Officially out now: The TypeDB 3.0 Roadmap >>

Bulk loading

This page covers basics of loading large amounts of data (“bulk loading”) into a TypeDB database.

Parallelization

To load data in bulk, we can make use of both client-side and server-side parallelization.

  • Client-side parallelization means you will be sending queries from parallel processes running on the same client, or, from multiple clients at the same time. Client-side parallelization is controlled by your application code.

  • Server-side parallelization means that TypeDB parallelizes reads and write, allowing parallel data access in the database. Server-side parallelization is controlled by TypeDB: by default, TypeDB tries to parallelize requests as much as possible.

Examples

Client-side parallelization can make use of existing parallelization framework in your programming language.

  • Python

  • Rust

To parallelize client-side, you can use the multiprocessing library.

pool = multiprocessing.Pool(number_of_clients)
for i in range(number_of_clients):
    r = pool.apply_async(loader_function, (data_chunk[i]))

The loader_function contains your logic for the following steps:

  1. Divide the assigned chunk of data into batches (or chunks may come structured in batches to begin with), see batching below.

  2. Connect to the database by creating a driver object.

  3. For each batch in the chunk, open a transaction and sent the inserts of that batch. Then commit the transaction.

Coming soon.

Considerations

When loading large datasets into TypeDB the following points are useful to keep in mind.

Batching queries

Transactions represent the steps in which your databases changes. However, there is a cost associated to opening and committing/closing a transaction. Therefore, it makes sense to batch multiple data inserts in the same transaction.

On the other hand, batching too many inserts in the same transaction can lead to a long-running transaction, which might lead to a slow-down if another transaction is waiting on the former transaction.
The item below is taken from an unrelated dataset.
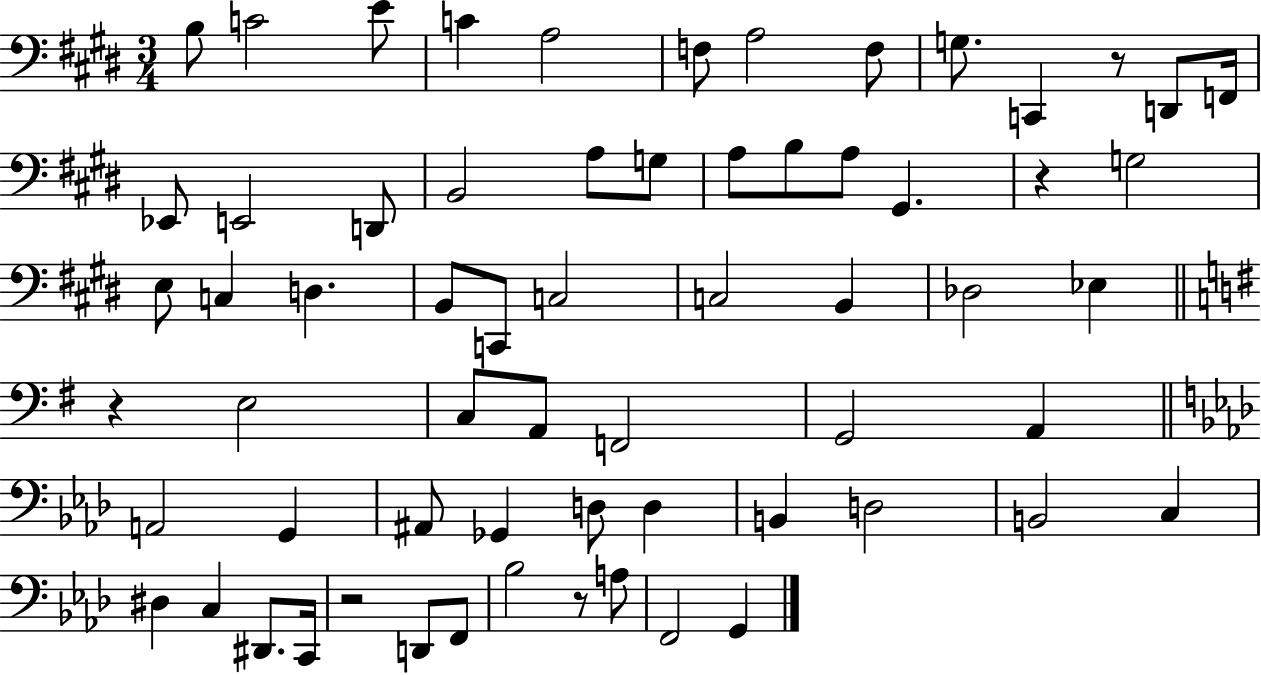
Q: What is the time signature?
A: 3/4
The optimal number of inserts per transaction will be application-specific, but as a rule of thumb, 100-1000 inserts per transaction is a reasonable number in a bulk loading scenario (with 30us per insert, this will means your transaction run in around ~10ms, though complex reads might affect this estimate).
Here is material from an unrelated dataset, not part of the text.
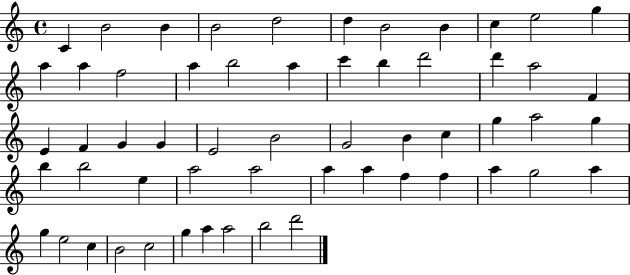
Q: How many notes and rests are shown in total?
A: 57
Deferring query resolution

When sending a query using an open transaction, you are returned a promise of a result (not an immediate result). This allows code execution to continue, without being held up by awaiting the result.

For optimized performance it makes sense to batch the query resolution process: first, send a batch of queries to saturate server-side parallelization; then, loop through the batch of promises, resolving each of them respectively.
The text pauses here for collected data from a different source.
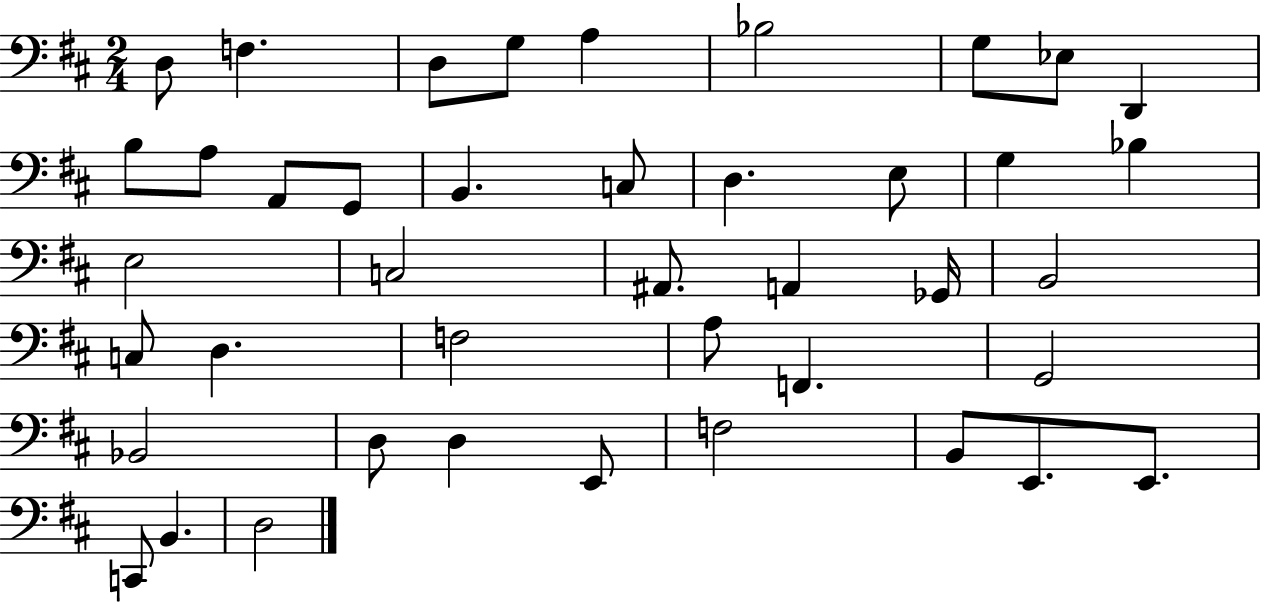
X:1
T:Untitled
M:2/4
L:1/4
K:D
D,/2 F, D,/2 G,/2 A, _B,2 G,/2 _E,/2 D,, B,/2 A,/2 A,,/2 G,,/2 B,, C,/2 D, E,/2 G, _B, E,2 C,2 ^A,,/2 A,, _G,,/4 B,,2 C,/2 D, F,2 A,/2 F,, G,,2 _B,,2 D,/2 D, E,,/2 F,2 B,,/2 E,,/2 E,,/2 C,,/2 B,, D,2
Note that this tip only applies if you need the results of your queries. In case you don’t, you do not need resolve them at all: simply commit the transaction to ensure all queries have run to completion.

Duplication

A major concern when loading large amounts of data is duplication. A simple way to avoid duplication is to count data before inserting.

Avoid inserting the same user twice
match
  $x isa user, has username "john_1";
reduce $c = count;
match $c == 0; // make sure the count is 0
insert
  $x isa user, has username "john_1";

In most cases, it is equivalent and much more concise to use TypeQL’s built-in put logic:

Not yet implemented // coming soon
put $x isa user, has username "john_1";

Data dependencies

When batching and parallelizing be aware of data dependencies: for example, you can only insert a friendship between two users, if:

  • either, the friendship is inserted as part of the same insert query as the users,

  • or, the friendship is inserted as part of insert query is run after the insert query for the users but in the same transaction,

  • or, the friendship insert is part of a separated transaction that starts after the transaction inserting the users has successfully committed.

Roadmap

A dedicated bulk-loading mechanism for TypeDB is on the roadmap for 2025.